Question

What are the zeroes of f(x) = x^2 - 2x - 3?

x = -3, 1

x = -3, -1

x = 3, 1

x = 3, -1

Answer 1

try to replace x with each number

Answer 2

f(x)=x^x-xx-x ?

Answer 3

What is that^ @Alexandra675 ?

Answer 4

lol he said to replace x with each number sooo...

Answer 5

there is no x^x

Answer 6

x^2

Answer 7

look at the answers:
x = -3, 1

x = -3, -1

x = 3, 1

x = 3, -1

they don't make sense do they?

Answer 8

Kinda the the 3 is from the problem I don't know where they got the 1 from...

Answer 9

A point has coordinates (x, y)

Answer 10

yea

Answer 11

What does "x = -3, 1 " mean?

Answer 12

That there are two points and those are both the x coordinats?

Answer 13

so you do \(\huge\ -3^2 - 2(-3) - 3\) and \(\huge\ -1^2 - 2(-1) - 3\)

Answer 14

Nope.
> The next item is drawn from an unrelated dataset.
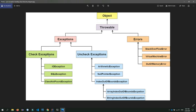We will check the exception. Moving on, we have the Unchecked Exception. Common examples include ArithmeticException, NullPointerException, ArrayIndexOutOfBoundsException, and InputMismatchException.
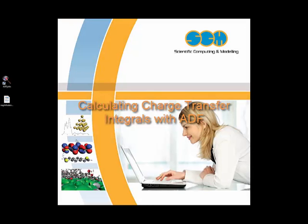In this video we'll walk you through how to calculate charge transfer integrals between two molecules, for instance in an organic crystal and semiconductor material with ADF.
It should be written as "x = -3, y = 1 "

Answer 15

oh ok so where does the 1 come from?

Answer 16

oh yes your totally right @skullpatrol

Answer 17

sorry

Answer 18

XD

Answer 19

The 1 is what y equals.

Answer 20

\(\huge\ -3^2 - 2(-3) - 3 =1\)

Answer 21

oh ok so its A then?

Answer 22

Sorry, that is wrong :(

Answer 23

huh what are you talking about? @skullpatrol

Zeros of f(x) is x = -3, 1 means f(x) = 0 at x= -3 or x=1

Answer 24

The equation has 2 solutions for x

Answer 25

that "1" part is not y.

Answer 26

Can we start again @Alexandra675 ?

Answer 27

Like do the problem over? Sure

Answer 28

Yes, I confused it with your first question, sorry about that.

Answer 29

What are the zeroes of f(x) = x^2 - 2x - 3?

x = -3, 1

x = -3, -1

x = 3, 1

x = 3, -1

Answer 30

lol y did I do tht XD

Answer 31

start by factoring x^2 - 2x - 3

Answer 32

\[(x-3)(x+1)\]

Answer 33

Correct! now set it equal to 0

Answer 34

x=3,-1

Answer 35

and tell me for what values of x will it be true

Answer 36

???

Answer 37

Yes for x=3 or x=-1, x^2 - 2x - 3 = 0

Answer 38

those are the "zeros"

Answer 39

Hold on let me work this out

Answer 40

please do :)

Answer 41

The first one works

Answer 42

I think...

Answer 43

If you factored them correctly, then they should be right, just watch out for the extraneous solutions.

Answer 44

The second one equals -2 tho

Answer 45

No what is it still correct?

Answer 46

...

Answer 47

@skullpatrol

Answer 48

If you factor \(x^2-2x-3\) you get \((x-3)(x+1)\) right?
Now solve them \(0=(x-3), 0=(x+1)\)
You will get \(x=3, -1\)

If you plug them in:
\(0=(3)^2-2(3)-3\) you get \(0=9-6-3\) which is just \(0=0\) so that works.

Plug in -1
\(0=(-1)^2-2(-1)-3\) you get \(0=1+2-3\) which is also \(0=0\)

So those points work, as @skullpatrol said

Answer 49

Oh ok I guess I did my calculations wrong for -1 thank you!